Input for this task ::

========================

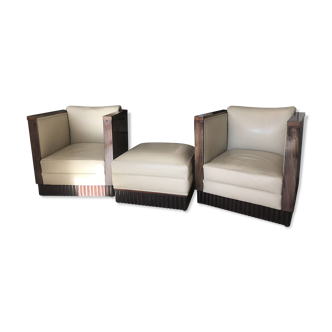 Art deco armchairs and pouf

========================

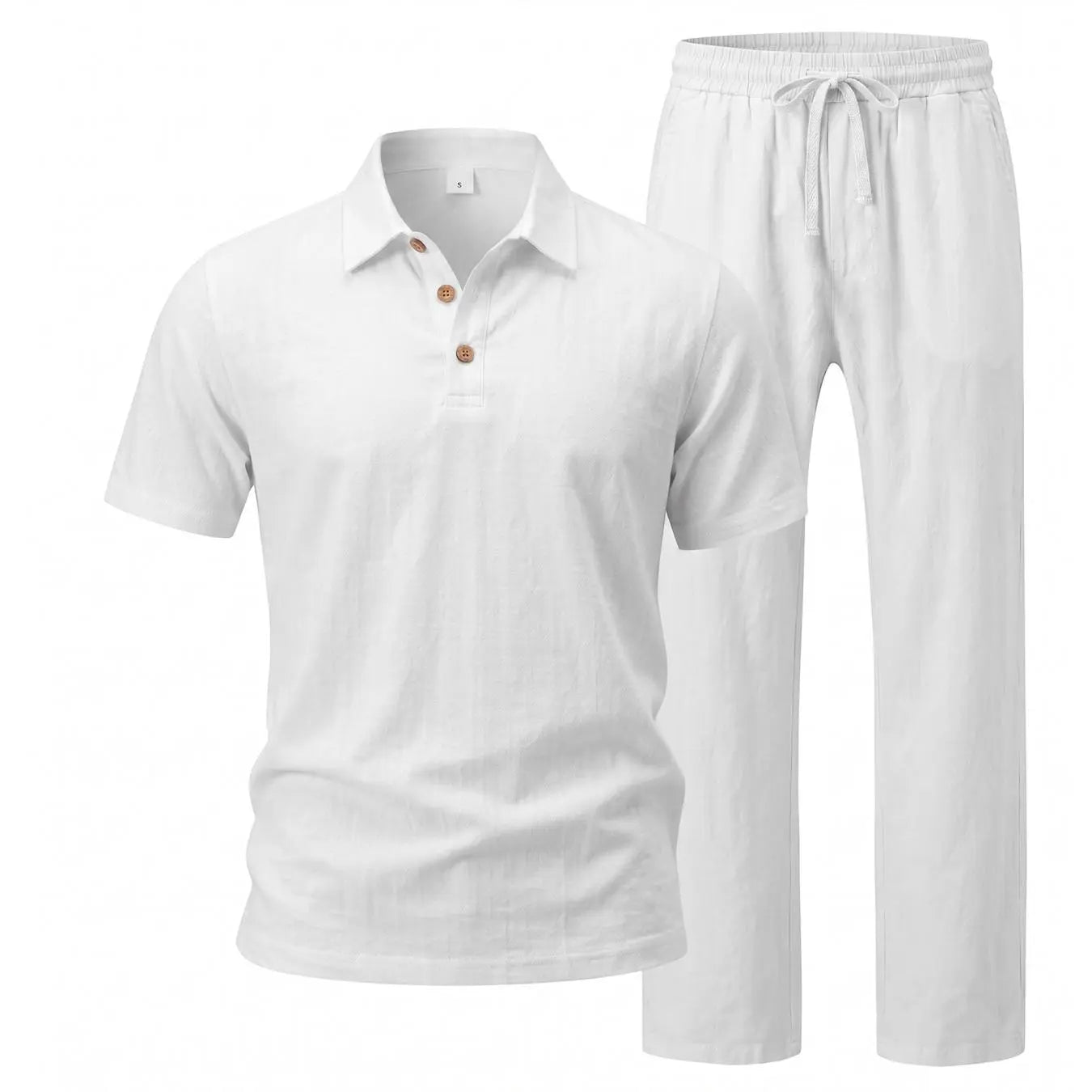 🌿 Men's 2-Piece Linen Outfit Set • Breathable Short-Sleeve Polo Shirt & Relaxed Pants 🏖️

========================

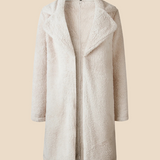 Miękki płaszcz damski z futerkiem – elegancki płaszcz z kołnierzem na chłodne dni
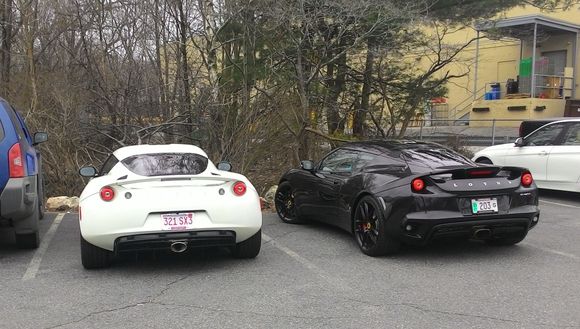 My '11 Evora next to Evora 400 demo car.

========================

What needs to be done :: Leaving every picture aside, reproduce exactly the lines above from the one with "Miękki płaszcz damski" up to and including the one with "My '11 Evora next to Evora 400 demo car.", and no others.

Written solution ::
 Miękki płaszcz damski z futerkiem – elegancki płaszcz z kołnierzem na chłodne dni
 My '11 Evora next to Evora 400 demo car.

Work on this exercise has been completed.